(Caption-style text data)
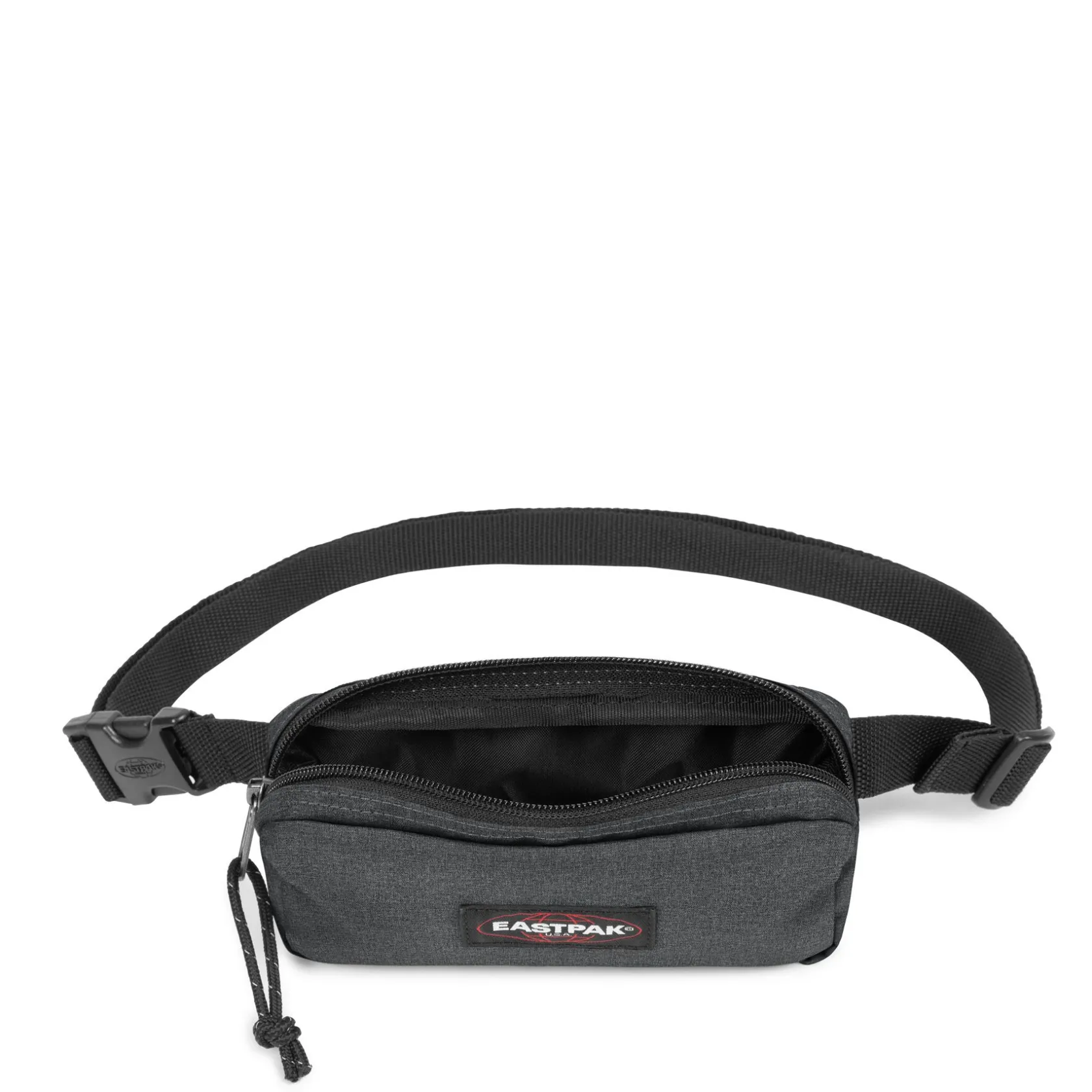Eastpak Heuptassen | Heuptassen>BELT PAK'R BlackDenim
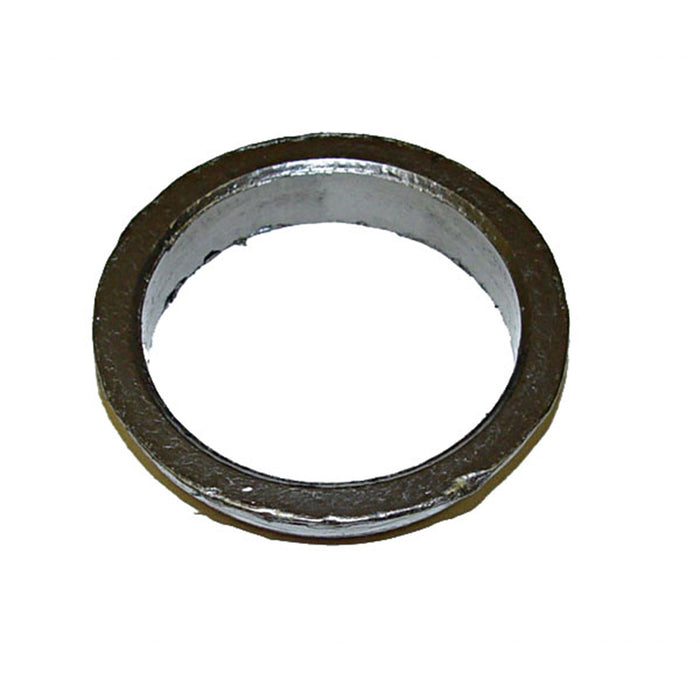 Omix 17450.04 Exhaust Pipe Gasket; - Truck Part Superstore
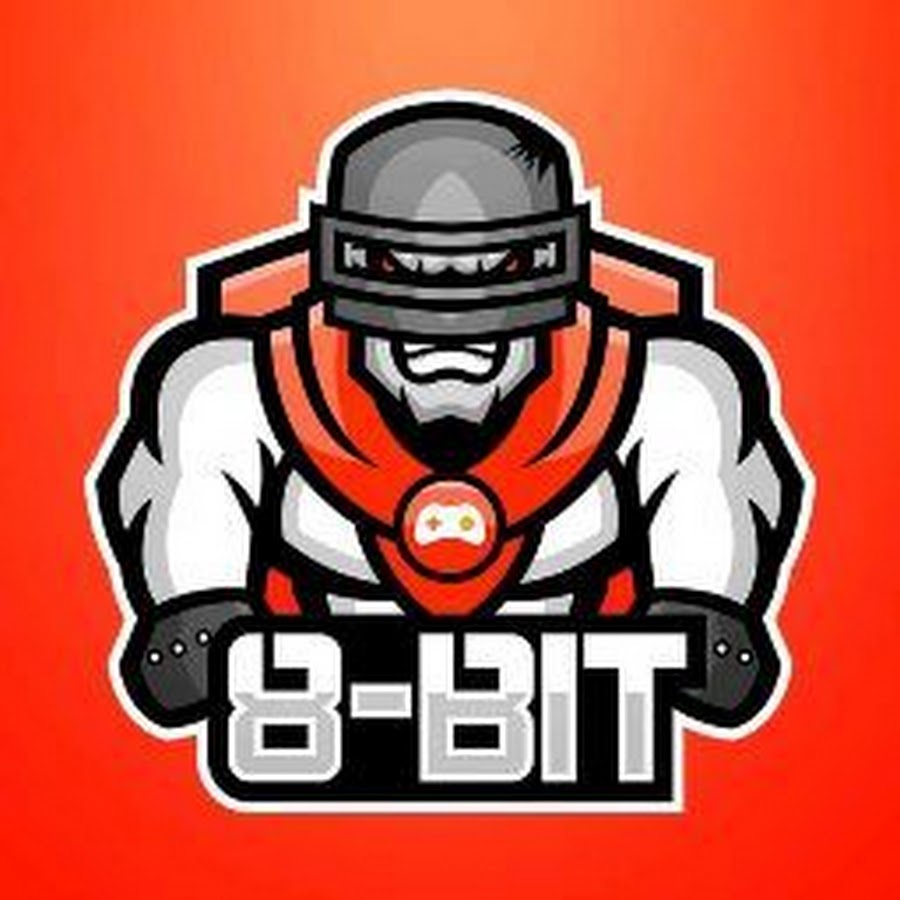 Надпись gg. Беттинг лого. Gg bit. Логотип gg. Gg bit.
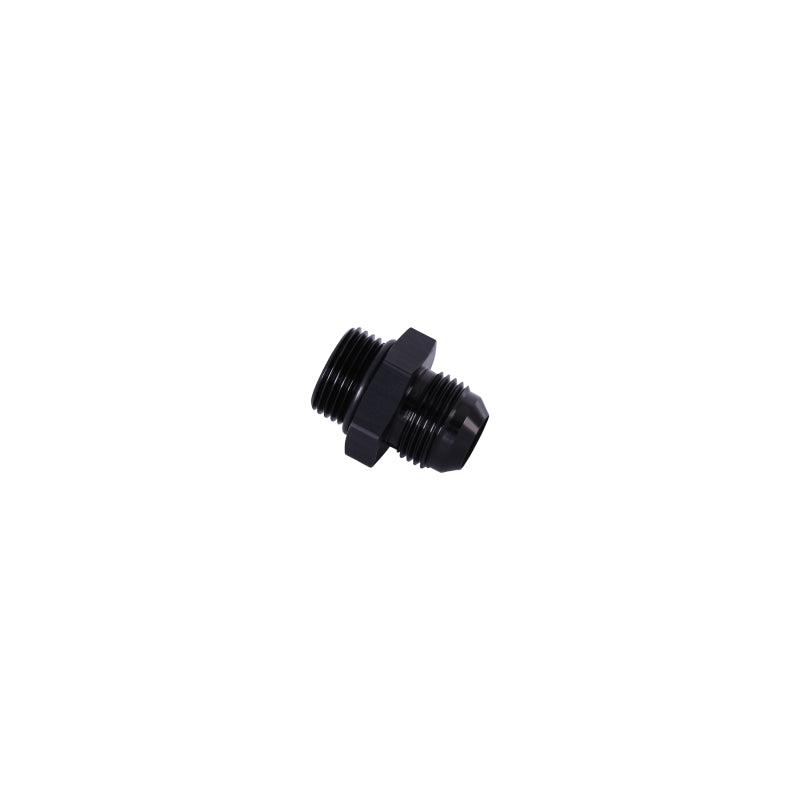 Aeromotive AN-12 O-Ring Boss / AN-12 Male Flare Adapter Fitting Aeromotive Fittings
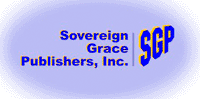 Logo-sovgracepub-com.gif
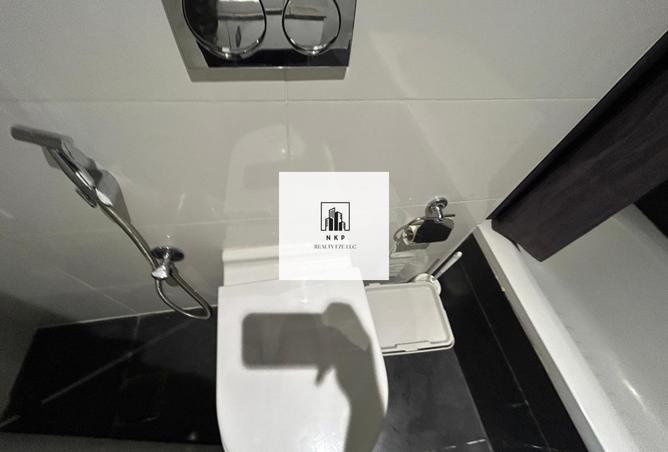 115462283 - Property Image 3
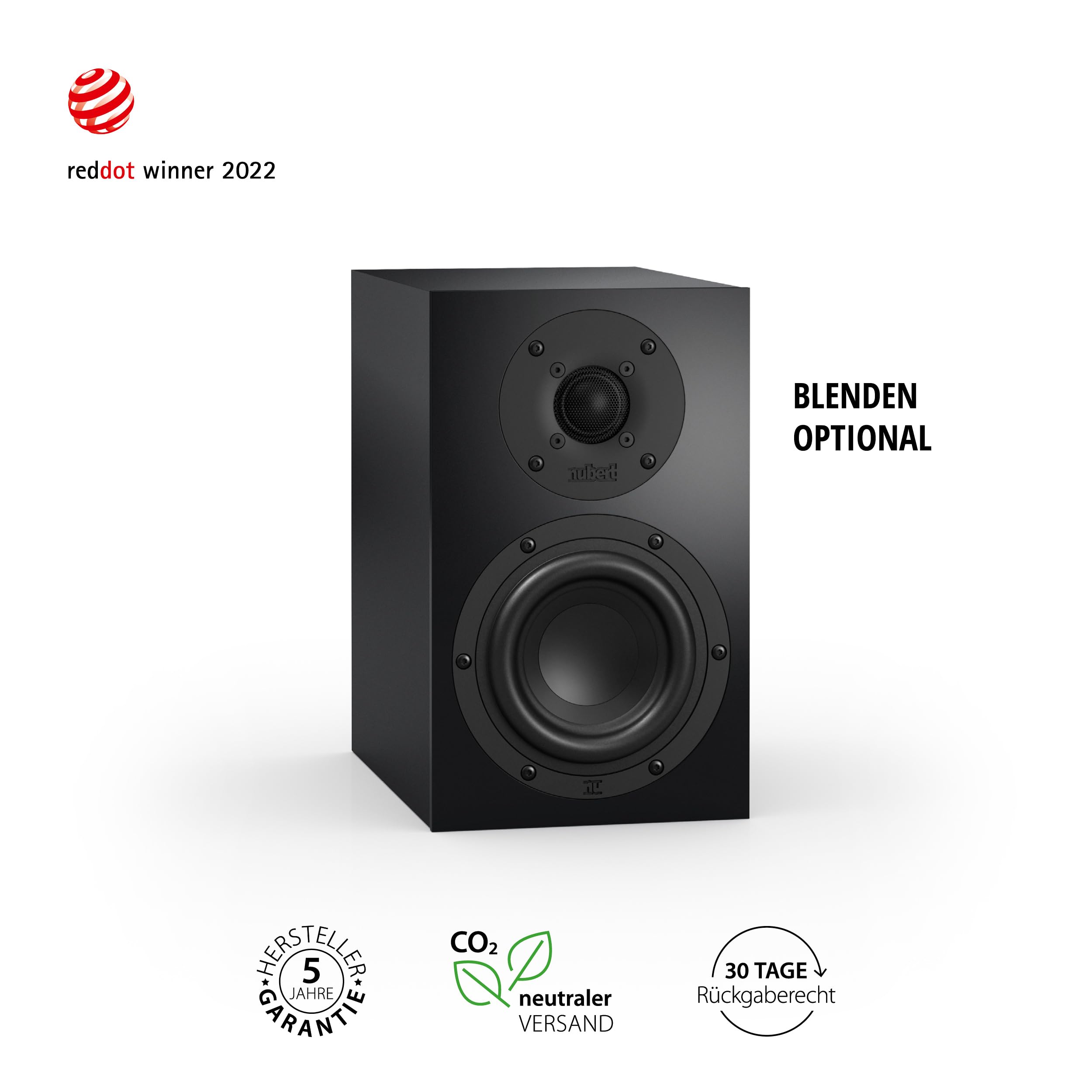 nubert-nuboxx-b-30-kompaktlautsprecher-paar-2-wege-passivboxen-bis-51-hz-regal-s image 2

● WHAT YOU ARE ASKED TO DO:
A faithful copy of every record is required, with no pictures included.

● YOUR SOLUTION:
Eastpak Heuptassen | Heuptassen>BELT PAK'R BlackDenim
 Omix 17450.04 Exhaust Pipe Gasket; - Truck Part Superstore
 Надпись gg. Беттинг лого. Gg bit. Логотип gg. Gg bit.
 Aeromotive AN-12 O-Ring Boss / AN-12 Male Flare Adapter Fitting Aeromotive Fittings
 Logo-sovgracepub-com.gif
 115462283 - Property Image 3
 nubert-nuboxx-b-30-kompaktlautsprecher-paar-2-wege-passivboxen-bis-51-hz-regal-s image 2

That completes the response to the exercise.